Tekst Mirjam Elferink
Beeld Pexels
Op 2 januari 2025 is een van de grootste Nederlandse oorlogsarchieven openbaar toegankelijk geworden (https://oorlogvoorderechter.nl). Het Nationaal Archief heeft samen met diverse andere instanties lang gewerkt aan een project voor volledige online openbaarmaking en doorzoekbaarheid van het Centraal Archief Bijzondere Rechtspleging (CABR). Het bevat dossiers van mensen die tijdens de Tweede Wereldoorlog werden verdacht van collaboratie.

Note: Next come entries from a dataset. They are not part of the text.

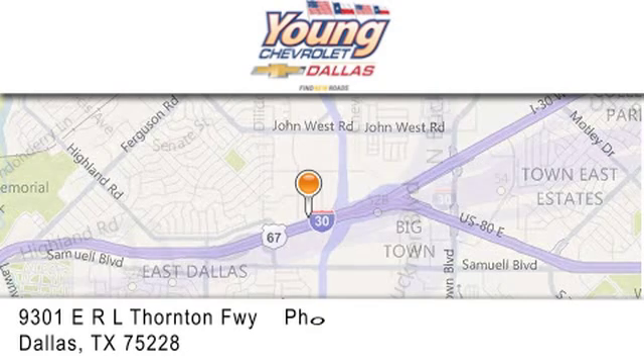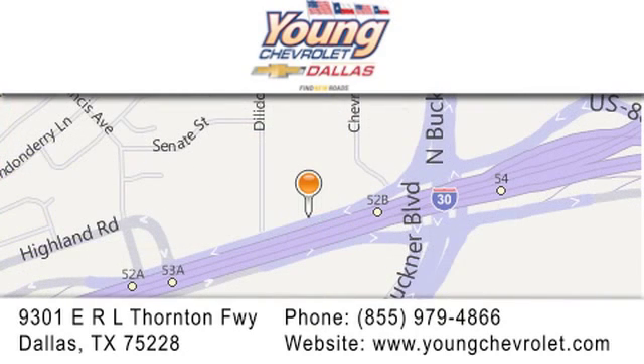Give us a call or stop by our dealership on East Interstate 30 at the Buckner exit, only nine miles east of downtown Dallas.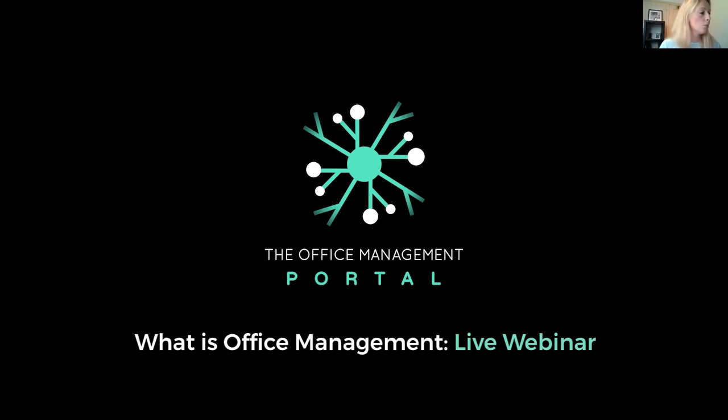Thank you so much to everybody for joining the webinar this afternoon. It's Friday, thank goodness, nearly the weekend. I have been doing quite a few webinars — we did one on what is facilities management — and I thought it might be useful to do one as well on what is office management. We're also going to look at some of the ways in which you can excel in this role.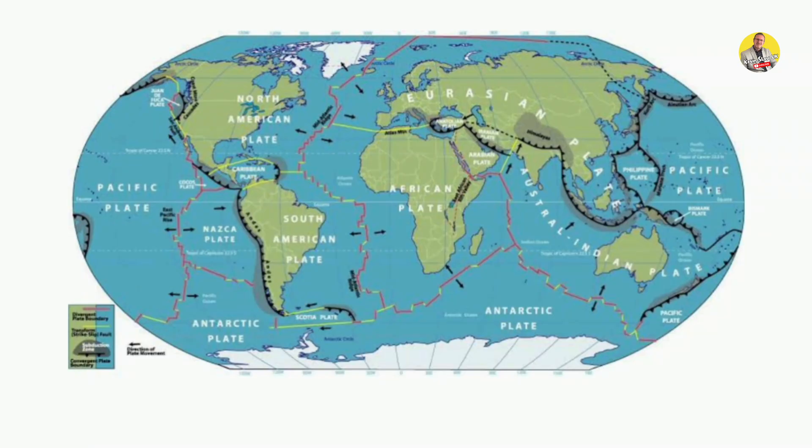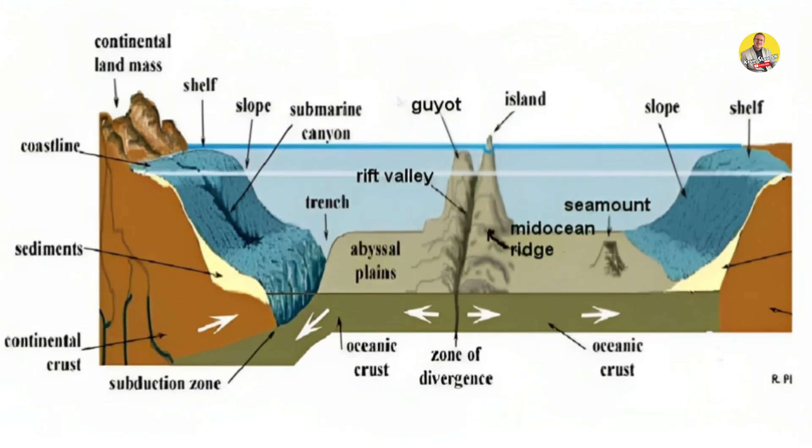Mega earthquakes, landslides, tsunamis, and other geographical calamities are common in these regions. Tectonic plates move as a result of the Earth's crust — both continental and oceanic — floating on a layer of thick molten rock in the uppermost mantle. Huge water pockets exist between the crust and the upper mantle, indicating that there may be a sizable amount of water trapped in the layers of the Earth.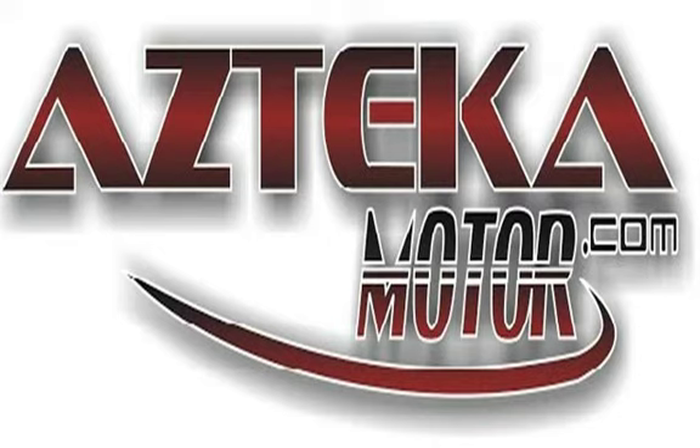Only at Azteca Motor — remember the name Azteca Motor, home of the no-credit-check Azteca Motor.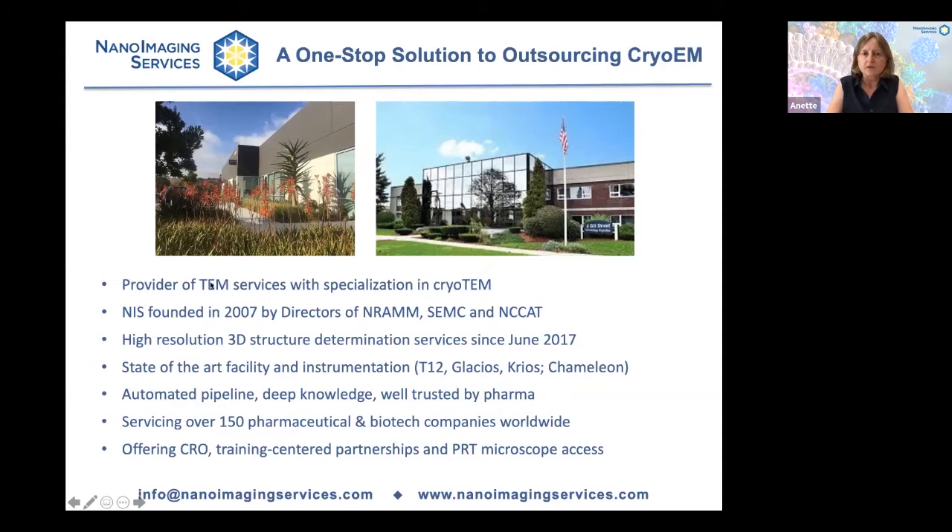We have been a provider of transmission electron microscopy services with specialization in cryo-EM since 2007, when the company was founded by Bridget Karaher and Clint Potter, who are directors of academic cryo-EM centers in New York City. We at Nano Imaging Services have provided high-resolution 3D structure determination services since June 2017, when we commissioned our first Titan Kryos electron microscope. We've developed an automated pipeline and deep knowledge of the cryo-EM method, and we are now well trusted by pharma, having serviced over 150 pharmaceutical and biotech companies worldwide.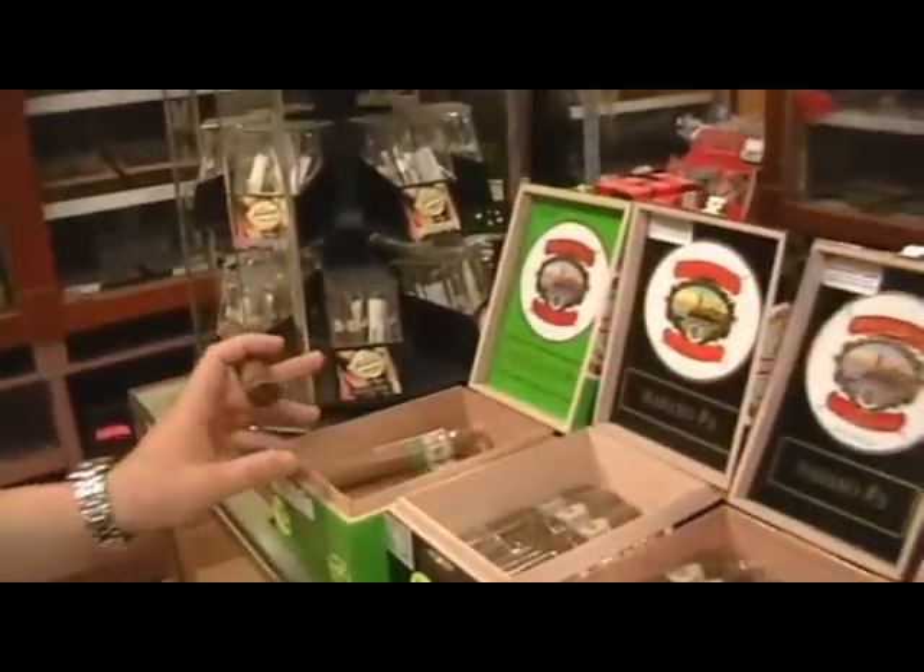We have more than a couple of blends that we'd like to showcase right now. What I wanted to show you was the blend number one. It is a Connecticut wrapper. It's a very mild, very flavorful, creamy cigar. If you like something mild, I definitely recommend this cigar — it's a great, incredible cigar.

Het CABR bevat niet alleen strafrechtelijke gegevens maar ook persoonlijke documenten, zoals brieven, dagboeken en foto’s. Deze informatie is soms intiem en raakt niet alleen de verdachten van toen, maar ook slachtoffers, getuigen en nabestaanden van nu. Daarmee schuurt de openbaarmaking tegen de grenzen van de privacywetgeving en soms er (ver) overheen.
De term “persoonlijke levenssfeer” is ruimer dan het begrip “persoonsgegeven” in de zin van de AVG en omvat onder meer het recht op bescherming van de identiteit, persoonlijke ontwikkeling en het recht om relaties aan te gaan en te ontwikkelen met andere mensen.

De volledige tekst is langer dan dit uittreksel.